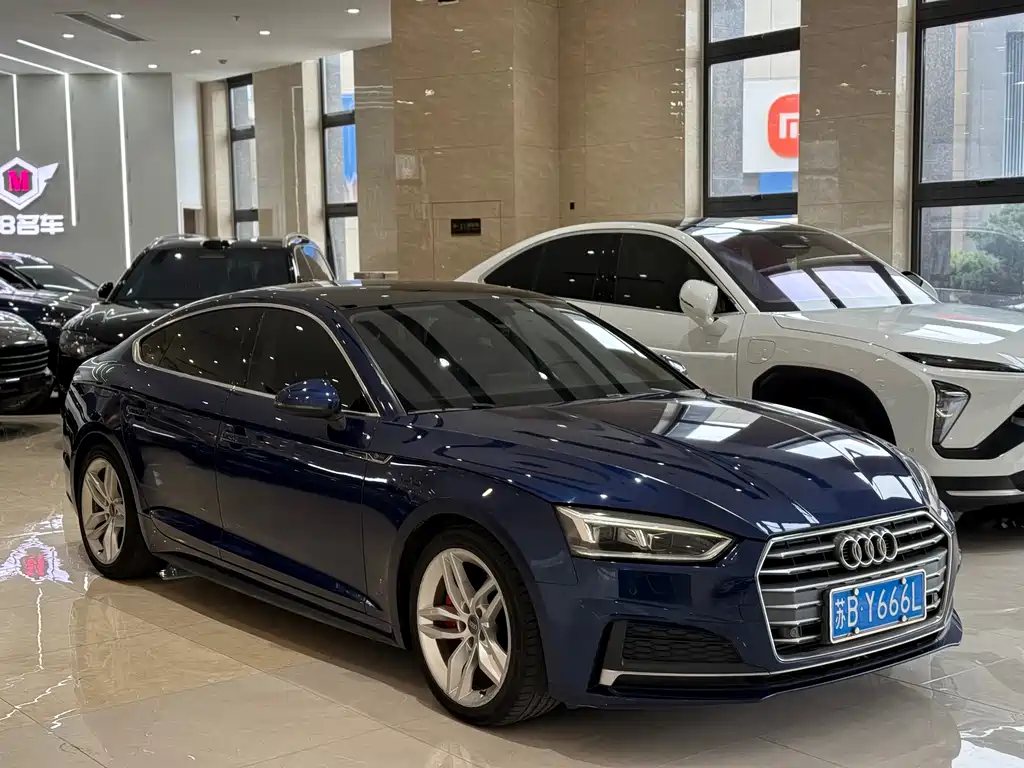 Audi A5 imported 2017 Sportback 45 TFSI fashionable model купить на сайте DeffCars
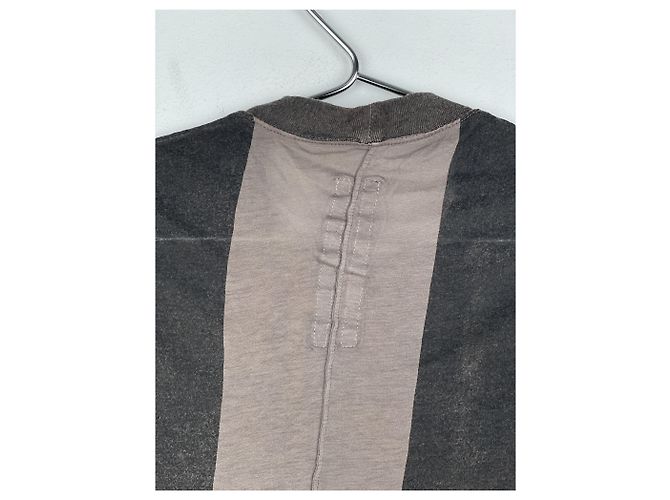 Canotta geometrica 'Strutter' Sample SS09 di Rick Owens Grigio - vista 8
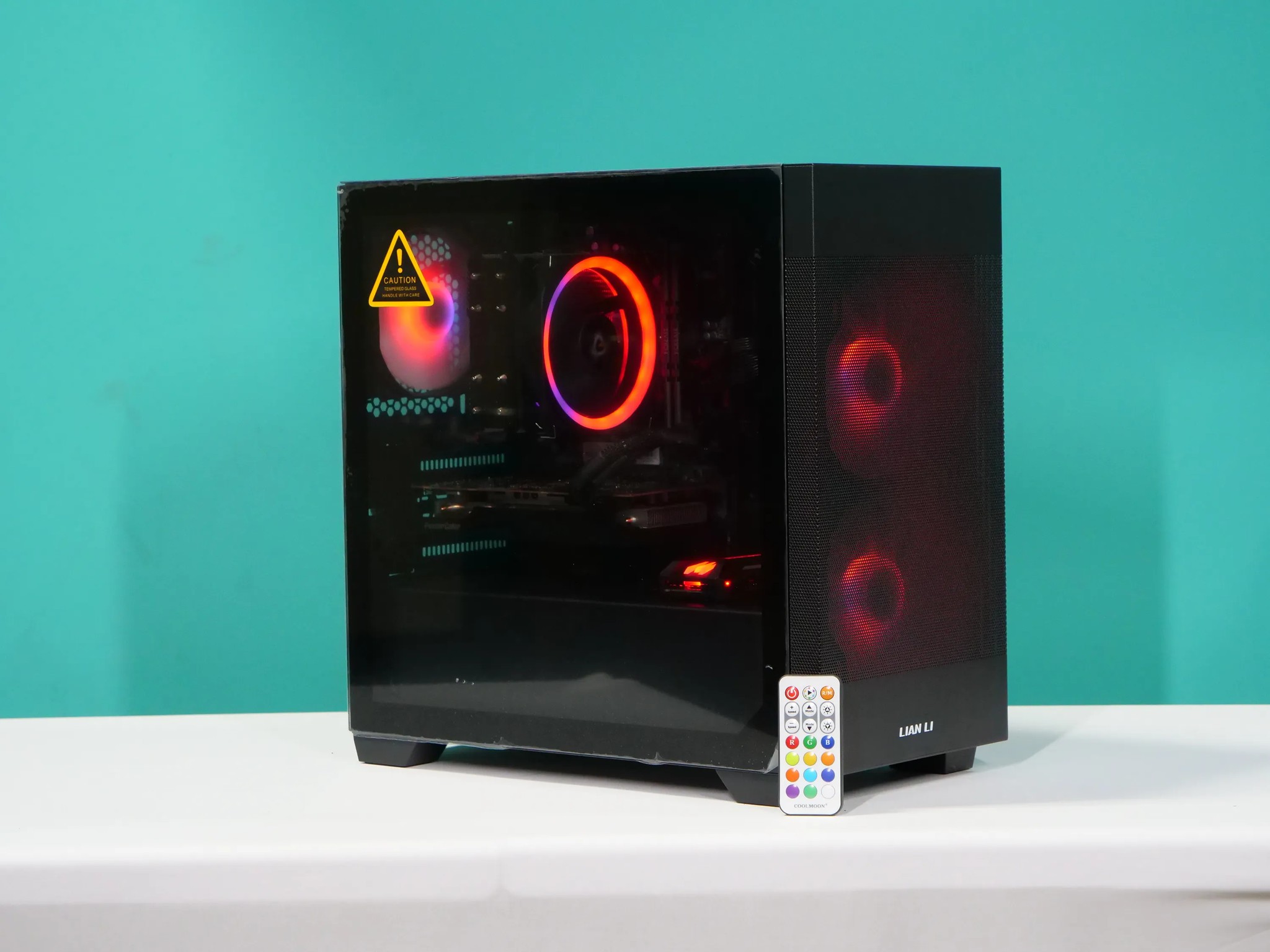 UCW Ready to Play B450 "Go into the light"  Build (R7-2700X + RX 6600 8GB + 16gb RAM + 2tb nvme)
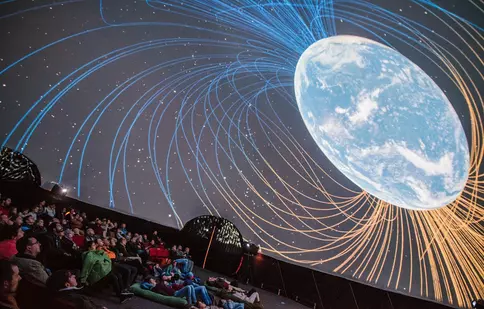 Viitorul se întâmplă azi în proiecții VR și full-dome la Astra Film Festival 2018
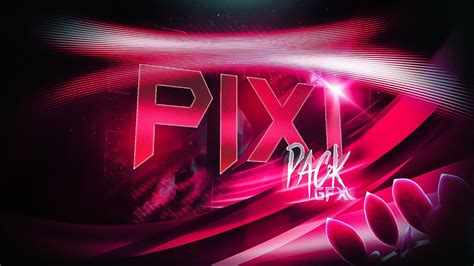 Pixi Gfx Pack Photoshop Graphic Pack Youtube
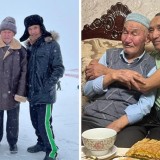 Қазақ қариясы 67 жылдан кейін туған ағасын TikTok арқылы тауып алып, жылап қауышты (ВИДЕО)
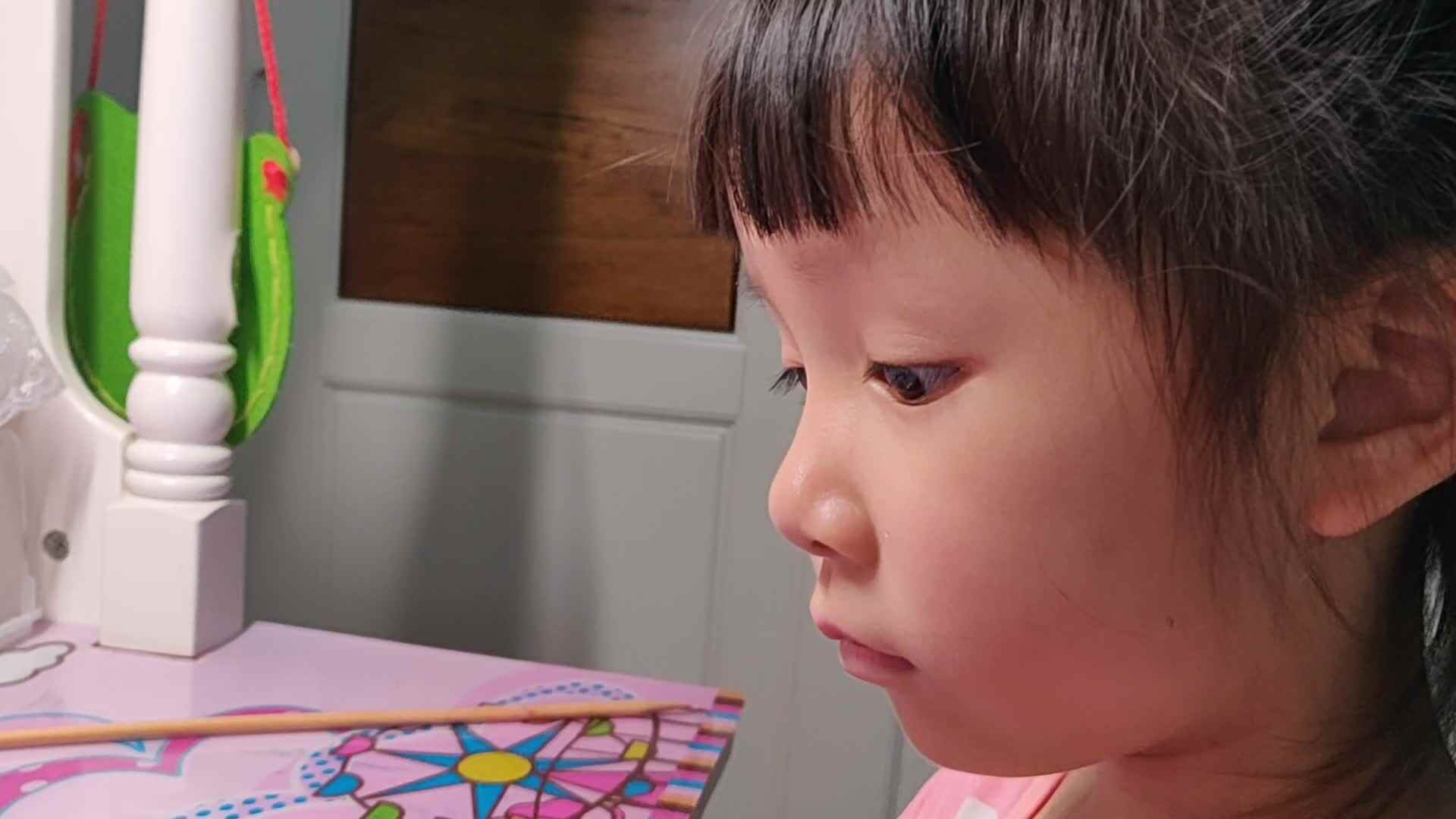 2020-5-20实验中班14号张可欣家庭作业反馈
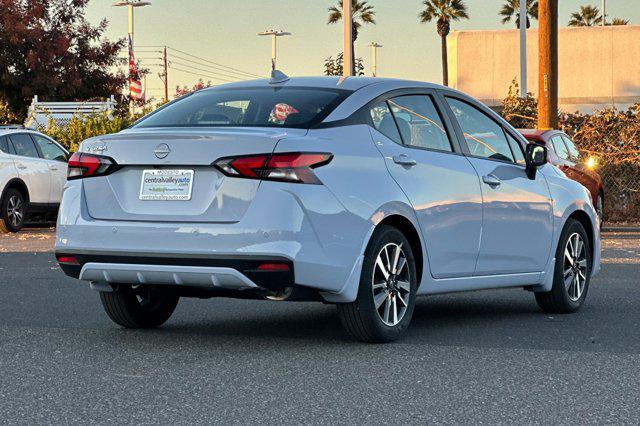 new 2025 Nissan Versa car, priced at $22,810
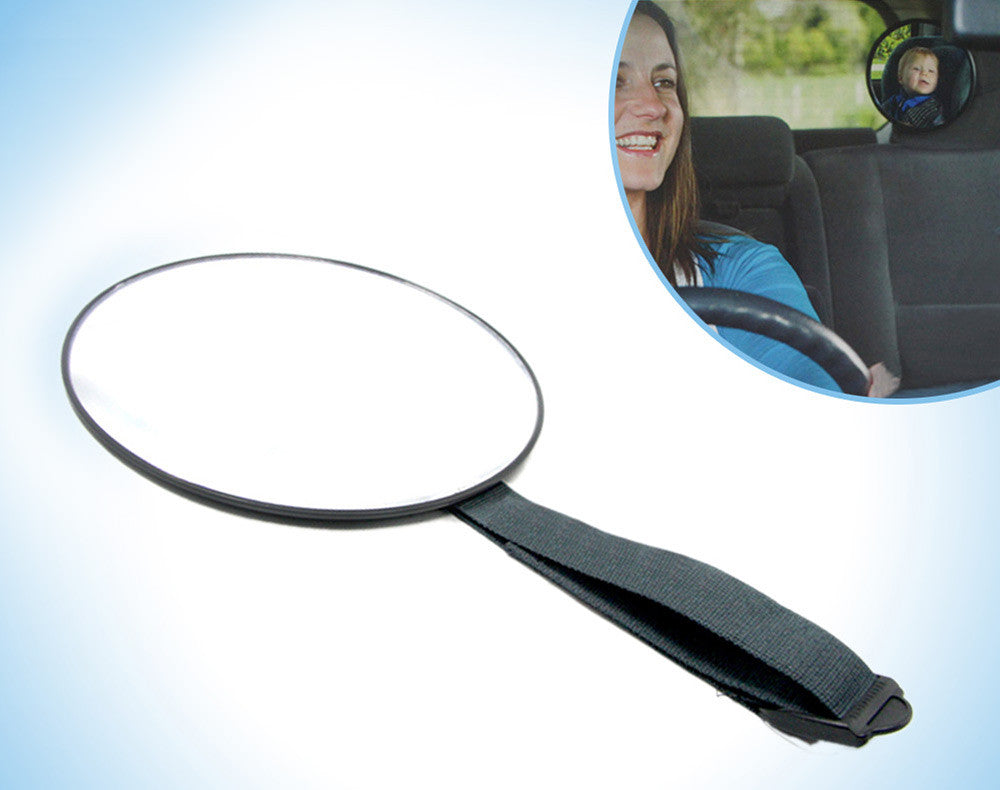 Car Safety Easy View Back Seat Mirror Baby Facing Rear Ward Child Infant Care Square Safety Baby Kids Monitor Car Accessories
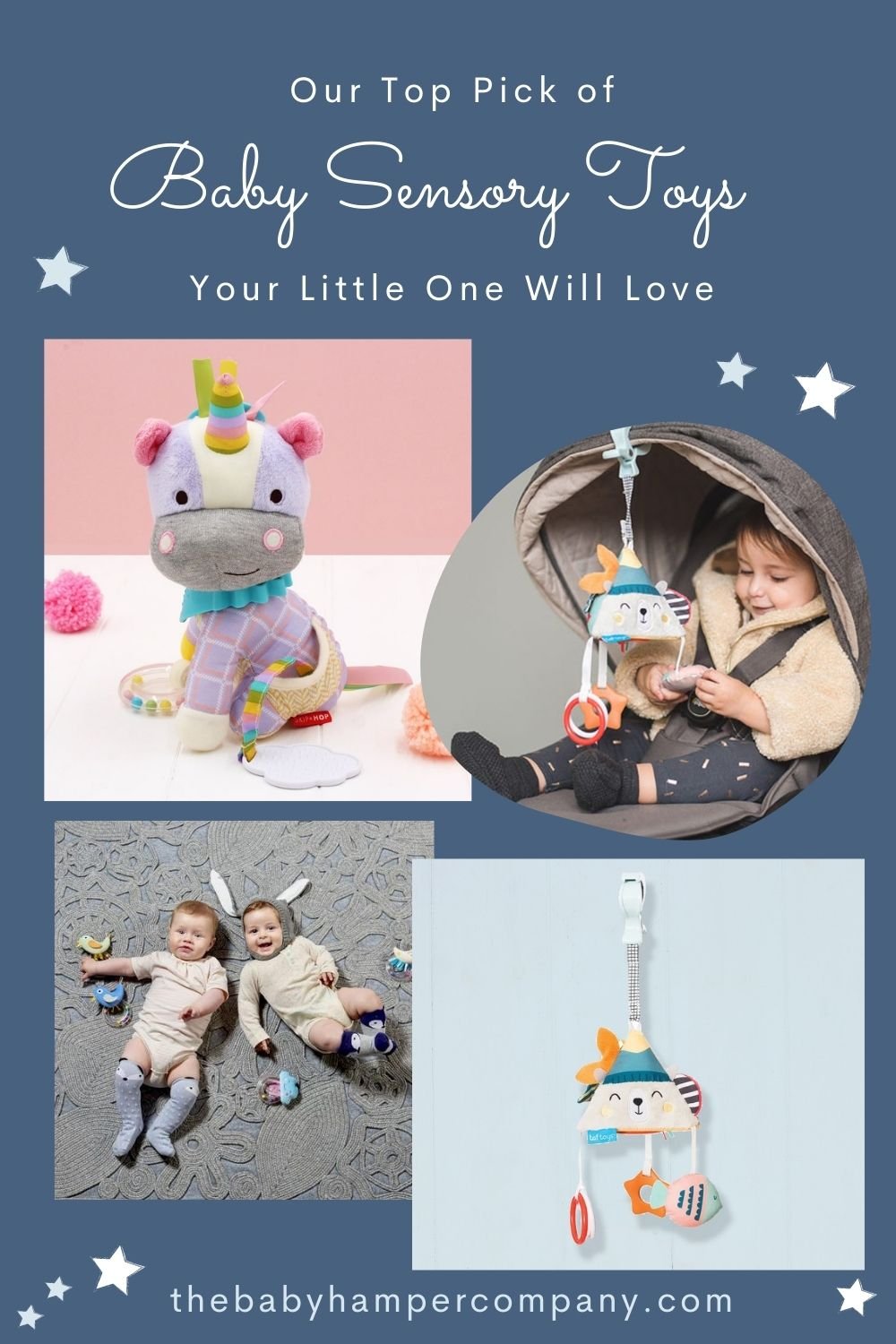 Our Top Pick of Baby Sensory Toys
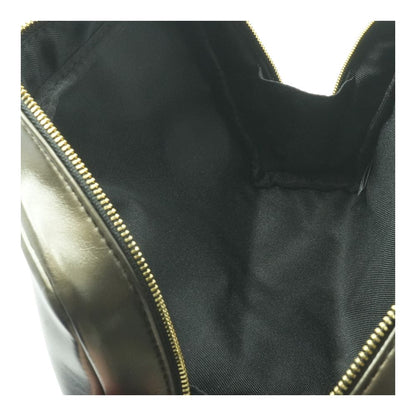 Vegan Leather Cosmetic Bag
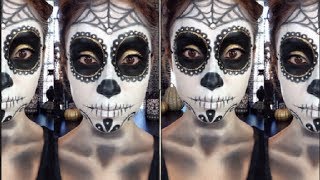 Sugar Skull/Dia de los Muertos Tutorial + DIY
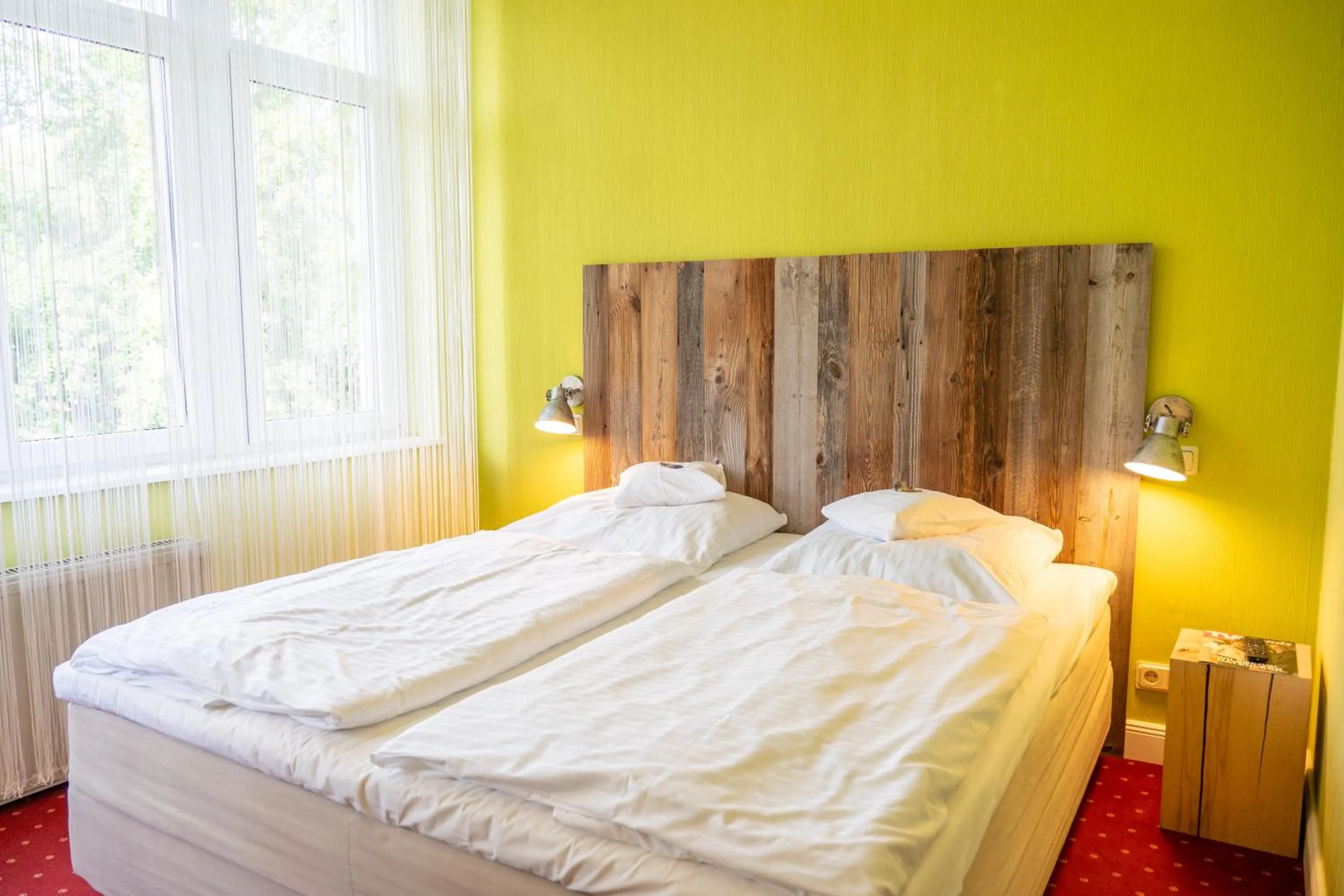 Bed in Hotel Haus Martens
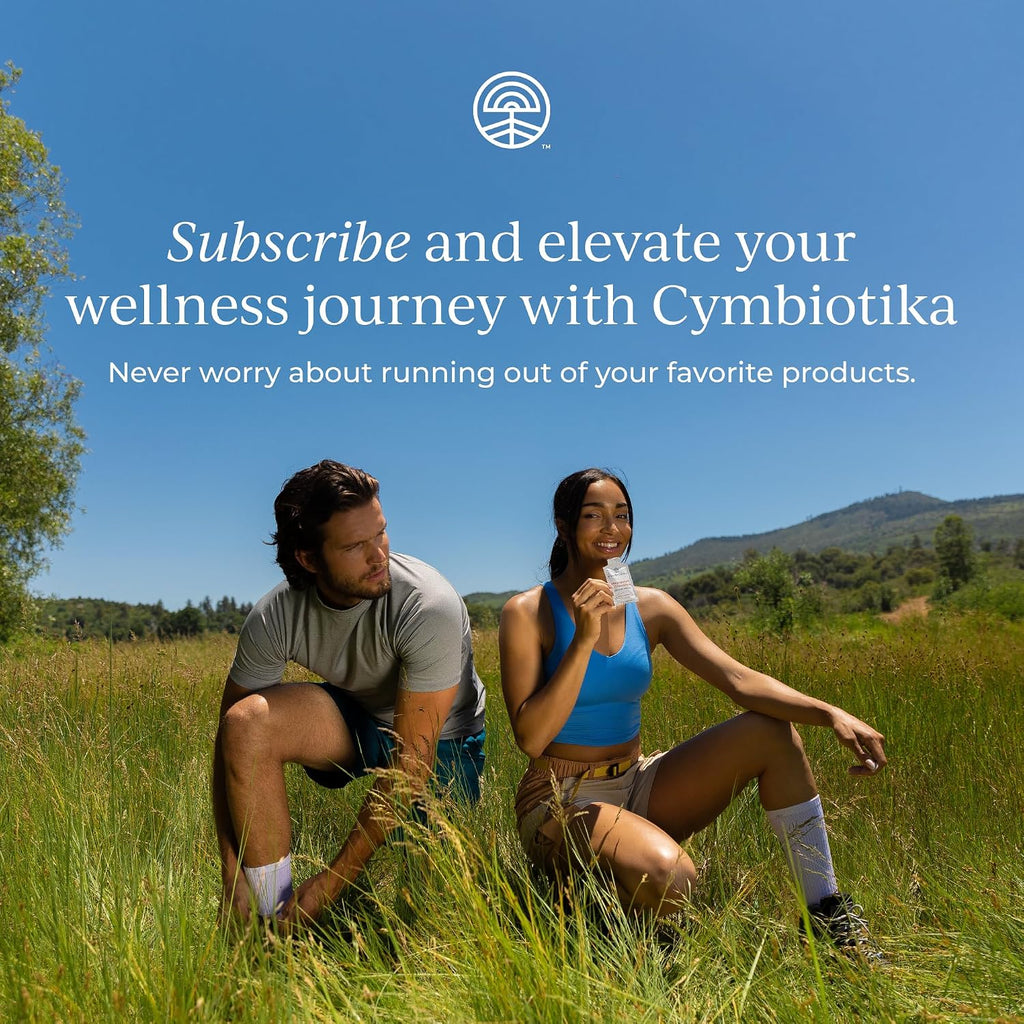 CYMBIOTIKA Liposomal Mushroom, Lion's Mane, for Immune & Energy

● **What you have to do**: Set down the records above exactly as written, beginning with the first line and ending with the line that contains "new 2025 Nissan Versa car, priced at $22,810", and do not include pictures.

● **Expected answer**:
 Audi A5 imported 2017 Sportback 45 TFSI fashionable model купить на сайте DeffCars
 Canotta geometrica 'Strutter' Sample SS09 di Rick Owens Grigio - vista 8
 UCW Ready to Play B450 "Go into the light"  Build (R7-2700X + RX 6600 8GB + 16gb RAM + 2tb nvme)
 Viitorul se întâmplă azi în proiecții VR și full-dome la Astra Film Festival 2018
 Pixi Gfx Pack Photoshop Graphic Pack Youtube
 Қазақ қариясы 67 жылдан кейін туған ағасын TikTok арқылы тауып алып, жылап қауышты (ВИДЕО)
 2020-5-20实验中班14号张可欣家庭作业反馈
 new 2025 Nissan Versa car, priced at $22,810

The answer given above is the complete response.